José Maria Ballester : « Il ne s’agit pas de défendre le franquisme, mais il faut aussi savoir laisser les morts en paix. »
José Maria Ballester commente la décision de la Cour suprême espagnole d'autoriser l'exhumation de la dépouille du général Franco et fait le lien avec la loi sur la mémoire historique. « Lénine et Tito sont toujours dans leurs mausolées ».
C’est peut-être la fin d’une saga politique, puisque la Cour suprême a autorisé l’exhumation du corps de Franco. Comment la nouvelle a-t-elle été accueillie en Espagne et pourquoi tant de rebondissements ?

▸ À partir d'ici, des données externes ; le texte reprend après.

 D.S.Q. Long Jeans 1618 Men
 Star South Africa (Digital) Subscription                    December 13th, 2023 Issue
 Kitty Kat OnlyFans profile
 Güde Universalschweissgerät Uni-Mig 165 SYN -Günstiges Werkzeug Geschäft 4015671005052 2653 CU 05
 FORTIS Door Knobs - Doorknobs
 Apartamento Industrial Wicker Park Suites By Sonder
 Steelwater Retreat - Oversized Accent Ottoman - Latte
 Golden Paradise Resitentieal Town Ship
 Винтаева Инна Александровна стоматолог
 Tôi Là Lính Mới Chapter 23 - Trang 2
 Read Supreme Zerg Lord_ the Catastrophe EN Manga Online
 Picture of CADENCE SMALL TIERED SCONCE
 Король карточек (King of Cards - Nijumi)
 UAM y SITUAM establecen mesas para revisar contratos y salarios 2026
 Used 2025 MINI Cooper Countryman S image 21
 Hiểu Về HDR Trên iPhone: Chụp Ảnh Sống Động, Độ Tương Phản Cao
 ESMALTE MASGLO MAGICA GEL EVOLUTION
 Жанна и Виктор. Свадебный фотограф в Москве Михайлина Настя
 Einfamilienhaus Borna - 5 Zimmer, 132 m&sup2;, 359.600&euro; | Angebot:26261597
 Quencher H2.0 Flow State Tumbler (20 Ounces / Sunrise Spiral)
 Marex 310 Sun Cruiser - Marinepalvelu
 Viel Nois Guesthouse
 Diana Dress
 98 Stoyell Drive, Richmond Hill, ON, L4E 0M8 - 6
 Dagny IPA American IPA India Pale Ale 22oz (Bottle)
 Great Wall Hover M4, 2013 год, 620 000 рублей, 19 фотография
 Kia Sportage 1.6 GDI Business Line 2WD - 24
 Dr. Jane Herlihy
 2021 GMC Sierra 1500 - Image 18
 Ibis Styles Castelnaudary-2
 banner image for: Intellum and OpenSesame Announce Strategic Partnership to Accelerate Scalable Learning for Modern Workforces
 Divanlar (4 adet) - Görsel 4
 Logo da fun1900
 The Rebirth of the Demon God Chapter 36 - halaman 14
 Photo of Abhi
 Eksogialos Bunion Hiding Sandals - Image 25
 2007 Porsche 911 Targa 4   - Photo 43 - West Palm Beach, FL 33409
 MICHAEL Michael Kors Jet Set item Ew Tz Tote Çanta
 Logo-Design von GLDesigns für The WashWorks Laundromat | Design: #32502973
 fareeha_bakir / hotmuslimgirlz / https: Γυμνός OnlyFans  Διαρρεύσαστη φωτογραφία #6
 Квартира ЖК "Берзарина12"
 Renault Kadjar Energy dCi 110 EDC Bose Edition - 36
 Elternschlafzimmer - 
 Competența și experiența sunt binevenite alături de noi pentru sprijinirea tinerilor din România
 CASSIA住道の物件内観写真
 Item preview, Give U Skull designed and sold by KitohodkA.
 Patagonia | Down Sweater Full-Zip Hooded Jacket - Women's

La décision a été rendue publique hier, mais on ne connaît pas encore tous les détails, les motivations de la Cour et surtout les modalités d’application. Les avocats de la famille Franco disposent encore de plusieurs cartes. Pour eux, l’affaire n’est pas finie.
Selon moi, la raison pour laquelle nous en sommes arrivés-là relève surtout d’une volonté de revanche historique de la gauche. Lors de la transition espagnole, la droite et la gauche avaient fait la paix. Une loi d’amnistie a été votée en 1977. On s’était mis d’accord pour laisser la famille Franco tranquille à condition qu’elle se tienne à carreau. Il est vrai que ça n’a pas toujours été le cas, mais, même s’il ne s’agit pas de défendre le franquisme, il faut aussi savoir laisser les morts en paix. Que 40 ans après, on en soit à exhumer le cadavre de Franco comme mesure de revanche politique, tout cela est pitoyable. C’est l’œuvre de monsieur Zapatero, poursuivie par monsieur Sanchez.
Comme vous le savez, il y a des élections le 10 novembre. C’était une promesse de monsieur Sanchez lorsqu’il a été investi Premier ministre après la motion de censure en juin 2018. La Cour suprême n’a pas voulu lui faire trop de peine, mais franchement je crois qu’il faut laisser les morts en paix.
C’est aussi en lien avec la loi mémoire historique. C’est une loi revancharde dont le but ultime est de faire porter une sorte de sentiment de honte à toute l’Espagne de droite. Si quelqu’un veut savoir où est le cadavre de son grand-père, de son frère aîné ou de son oncle, c’est parfaitement possible. Pourquoi une loi qui vise surtout à questionner toute l’Espagne de droite ? Ce n’est pas très joli et ça ne sert à rien.
Pablo Iglesias de Podemos disait que cette exhumation représentait un pas important dans la réparation d’une honte portée durant 40 ans. Quant au leader de Ciudadanos, Albert Rivera, il dit que Sanchez joue avec des os depuis un an pour diviser les rouges et les bleus alors que cela importe à peu d’Espagnols. Vous êtes d’accord avec lui, finalement...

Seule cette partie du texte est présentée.